Select your parchment outline (may have to hide the other layers) shape, Invert the selection and then delete everything on layers "outside" the selection so you have it transparent and then save it as PNG.  This will make it look more like a separate parchment and png will likely likely take up less space.

----------


## Feralspirit

Quick reply to Korash- Way too long! Days, certainly, but I'm not sure how many. I agonize over very small details.

jfrazierjr- I'm not sure I followed your instructions very well. I did manage to select the area between the paper and the image limits, but could not find 'delete' option anywhere. I tried cutting, to no avail. So I just started looking through the options I did have. At one point I could see the checkerboard behind the paper (though I'm not sure how I did it), but I could still see the parts of the map that ran past the paper's edge under the checkers, so I figured that wasn't it. In the end I filled the selection with white. I then saved it as a .png file. I'm not sure how big it was before this save, but the current image is 6.94 MB. I reduced the image by 50% so that I could post the result.

This is the flat white jpg I'm coloring, also reduced



Here is the result of jfrazierjr's instructions, as well as I could follow them



Final note, I am again filled with uncertainty. Is this the direction I wish to be going? It seems... I don't know, wrong, but I don't know why. Should the coloring stop? Should the hues change? I will continue coloring for now, because I don't have any better ideas, and I know that on completion they are easily restored to white or altered to another hue.

----------


## Nytmare

I personally like the way it's going.  It has a really interesting watercolor feel to it.

How exactly are you coloring this?  The easiest way (if you didn't figure it out for yourself) would be to have the line drawing, the paper, and the colors all as separate layers.

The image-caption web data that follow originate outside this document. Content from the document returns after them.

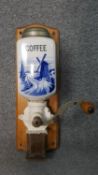 A vintage wall mounted coffee grinder, Dutch blue and white porcelain and with maker's mark. H.44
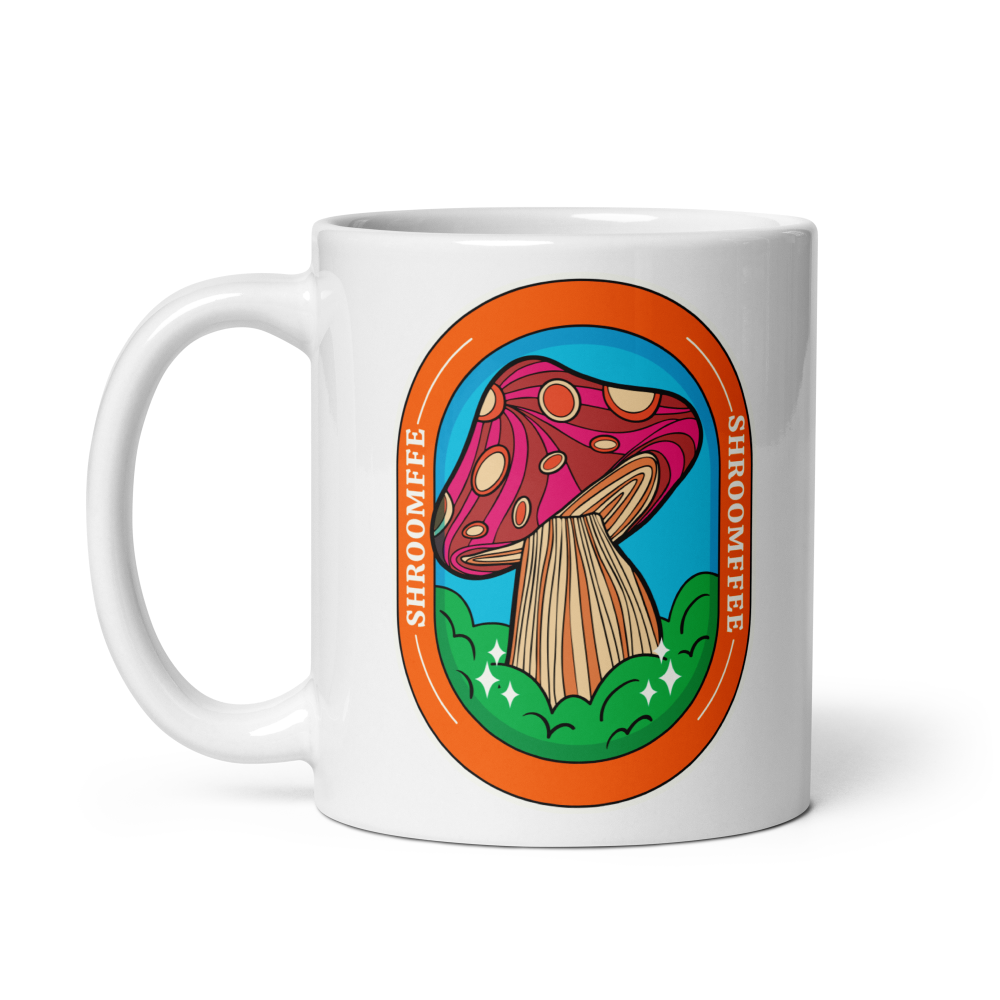 White mug with a colorful mushroom design and 'SHROOMEEF' text on a white background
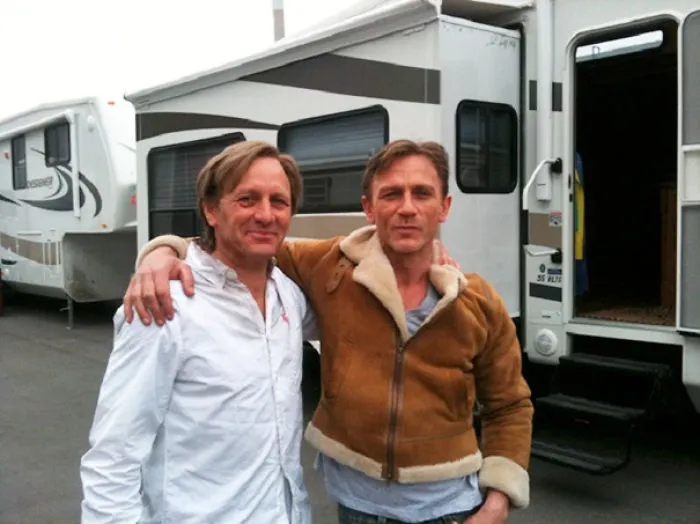 Two men standing together near trailers on set, illustrating Hollywood celebrities’ body doubles in action.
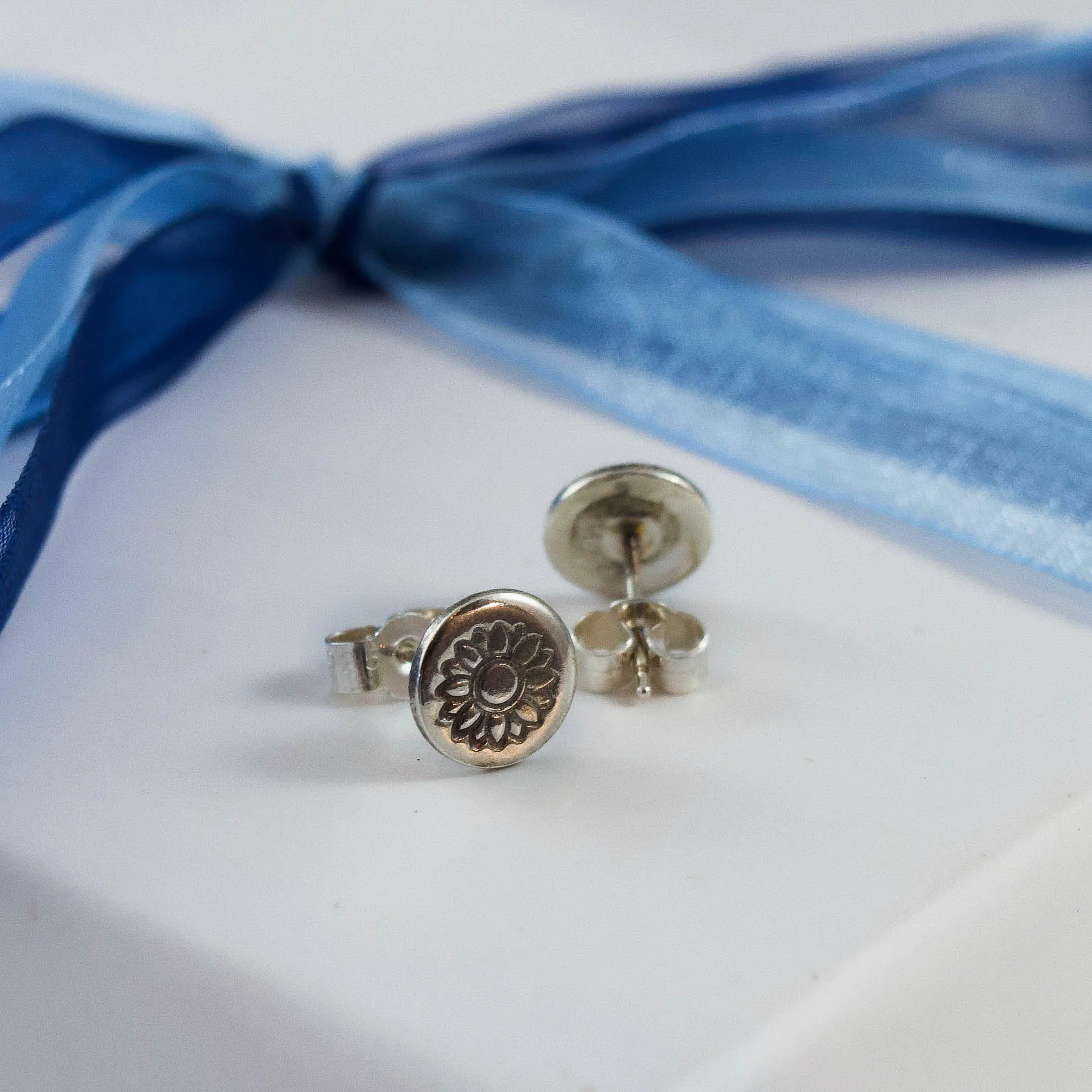 sunflower stamped earrings on white jewellery box tied with blue ribbon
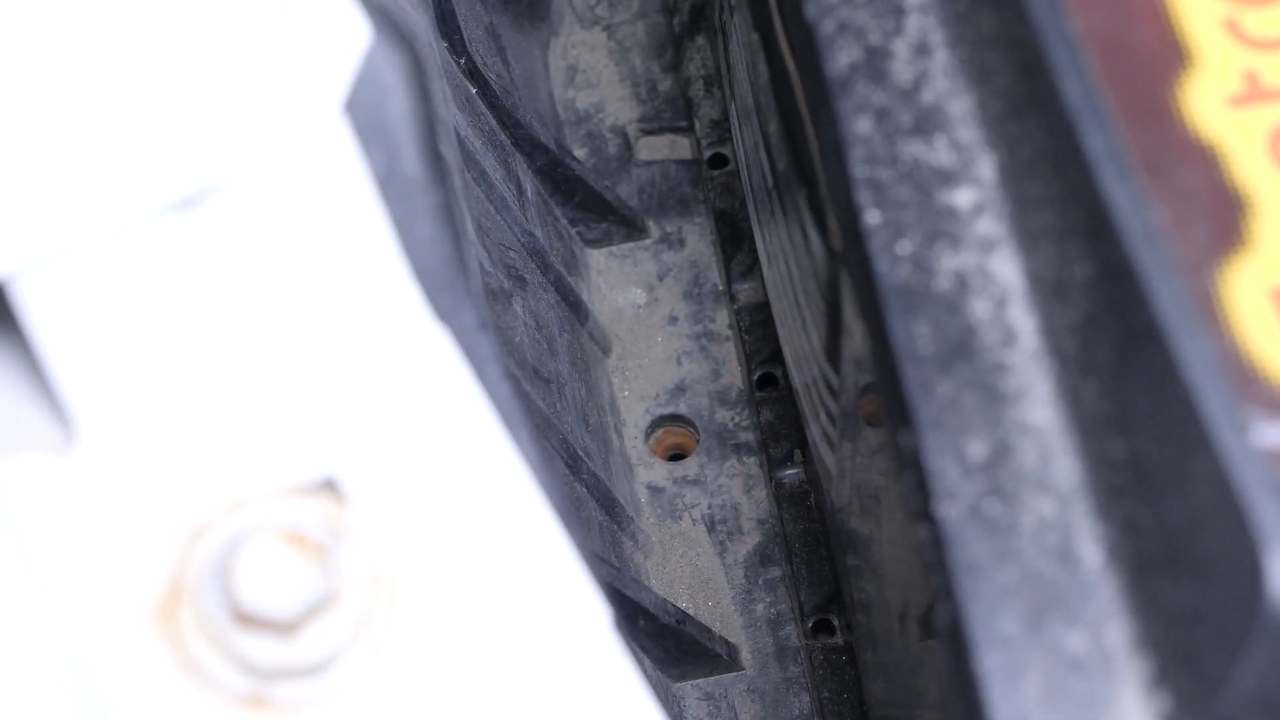 Remove the fastening clamp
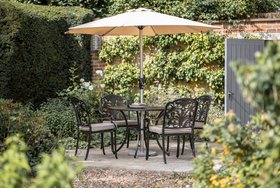 Bramblecrest Venice 100cm Round Table with 4x Stacking Armchairs, Parasol & Base – Bronze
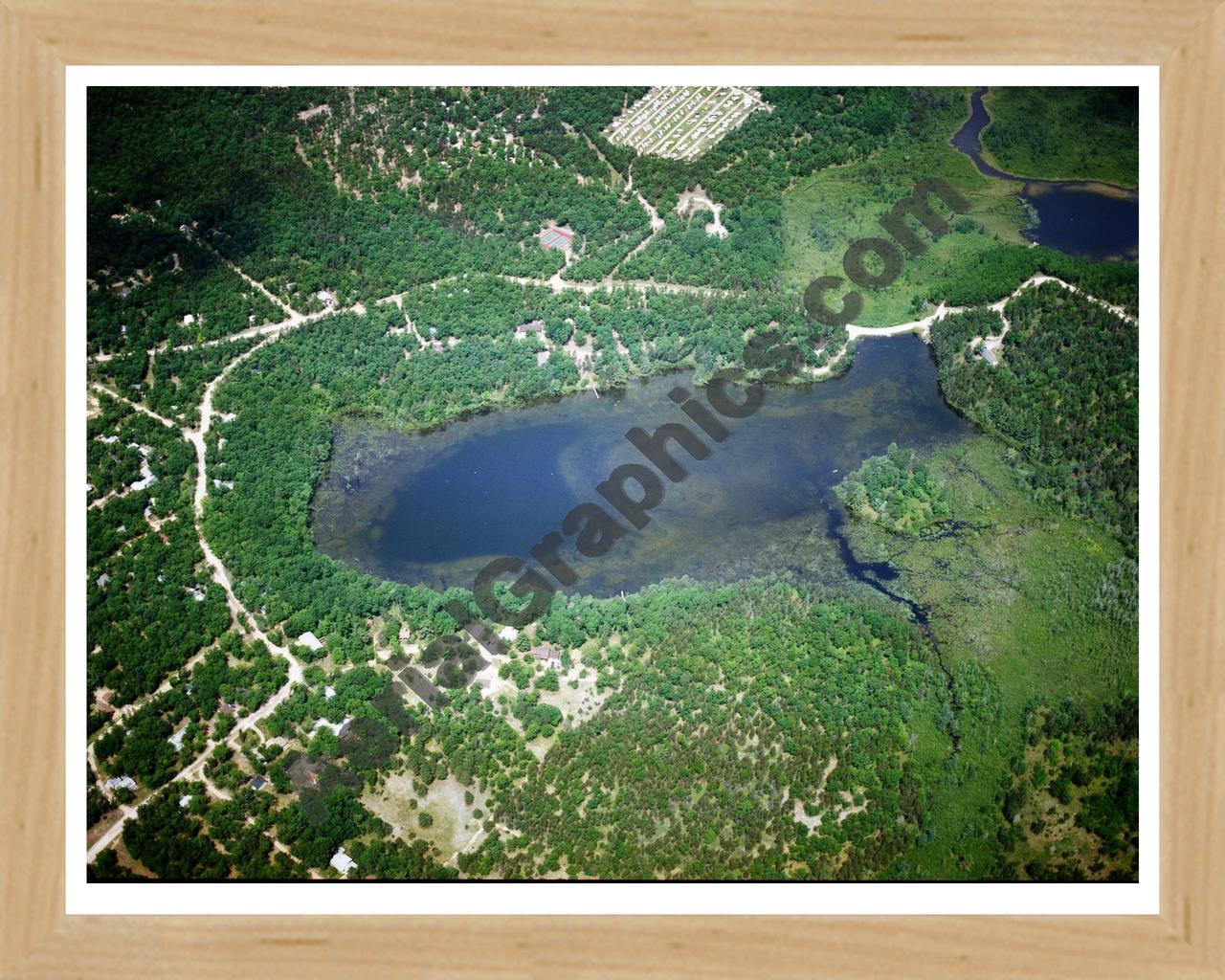 Aerial image of [5807] Wildfowl Lake in Montmorency, MI with Natural Wood frame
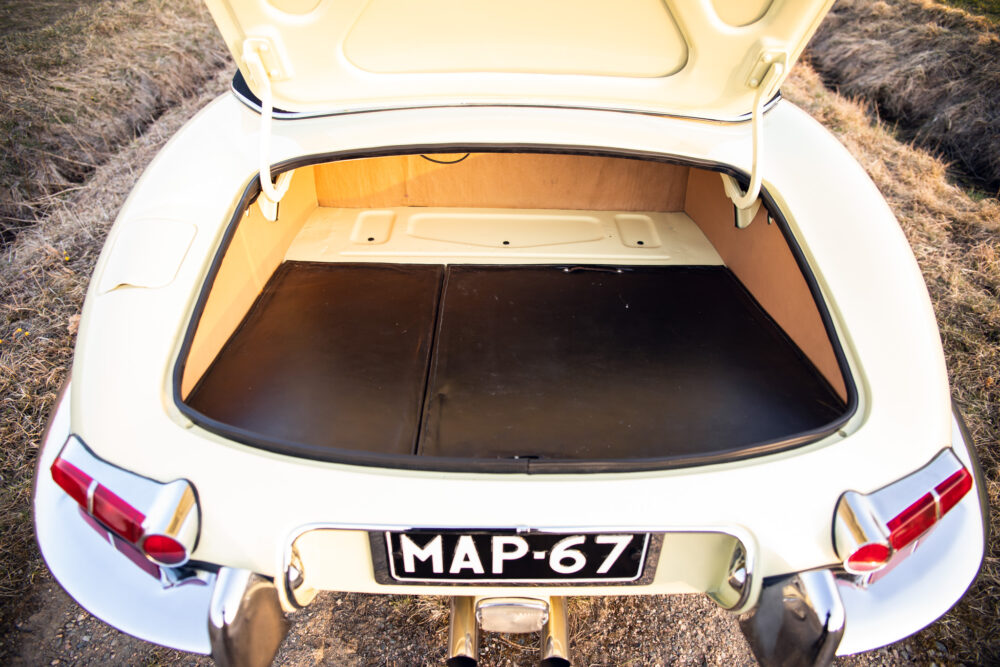 Vintage beige car open trunk interior view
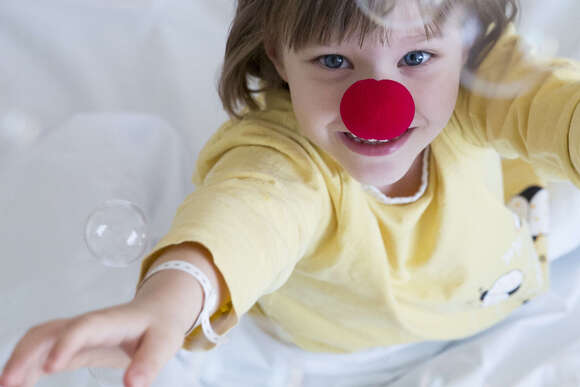 Ein Kind mit einer roten Nase auf, will von seinem Krakenbett nach denn Seifenblasen greifen 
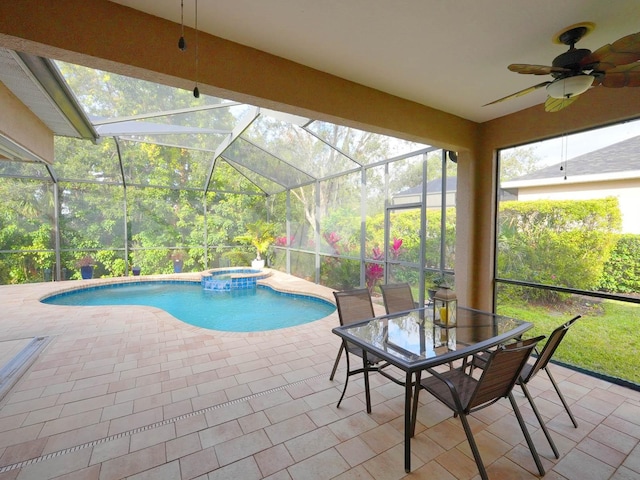 view of swimming pool with an in ground hot tub, a patio area, and glass enclosure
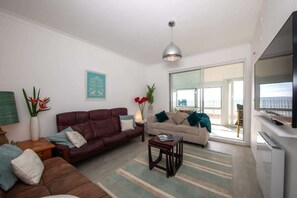 Get comfortable in the living room as you settle in for a movie night on the large wall mounted TV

There are also a couple ways you could fill the roads with the paint bucket.

----------


## jfrazierjr

> Quick reply to Korash- Way too long! Days, certainly, but I'm not sure how many. I agonize over very small details.
> 
> jfrazierjr- I'm not sure I followed your instructions very well. I did manage to select the area between the paper and the image limits, but could not find 'delete' option anywhere. I tried cutting, to no avail. So I just started looking through the options I did have. At one point I could see the checkerboard behind the paper (though I'm not sure how I did it), but I could still see the parts of the map that ran past the paper's edge under the checkers, so I figured that wasn't it. In the end I filled the selection with white. I then saved it as a .png file. I'm not sure how big it was before this save, but the current image is 6.94 MB. I reduced the image by 50% so that I could post the result.
> 
> This is the flat white jpg I'm coloring, also reduced
> 
> Attachment 10187
> 
> Here is the result of jfrazierjr's instructions, as well as I could follow them
> ...



Your very close.   I simply meant the Delete key on your keyboard which removes everything on a layer or whatever is selected and turns it transparent.    Note how you have a white border?   png allows transparency while jpg does not.  If you select the outside edges and delete, the white border will delete out to transparent and when you save to png, that transparency will still be there and make it look muc more like a piece of torn paper.

One other thought if you want to try it is to take a look at my WIP I linked to previously.   Notice how the edges of the page have the color fade away so that the very edges are just the parchment?  You can replicate this by using layer masks on upper layers to hide what's below using a high blured selection.   Check out http://www.cartographersguild.com/sh...archment+paper for some of the details, and if you want help, let us know here.

----------


## jfrazierjr

In any event, no matter which way you go with it, the map is turning out quite well!

----------


## Feralspirit

I would really like to add some text on a curve, (the river, for instance, the roads leading out of town, etc...)can someone explain to me how to do that with GIMP? Or point me at a tut that will teach me?

----------


## RobA

> I would really like to add some text on a curve, (the river, for instance, the roads leading out of town, etc...)can someone explain to me how to do that with GIMP? Or point me at a tut that will teach me?


It is in my "really frickin' big" gimp tut.

Instead of making you read the whole thing, I'll point you to the post  :Wink: 

http://www.cartographersguild.com/sh...9&postcount=25

-Rob A>

----------


## Feralspirit

That's what I was looking for! Thank you RobA, much appreciated. Still so much to learn, and I am very slow. 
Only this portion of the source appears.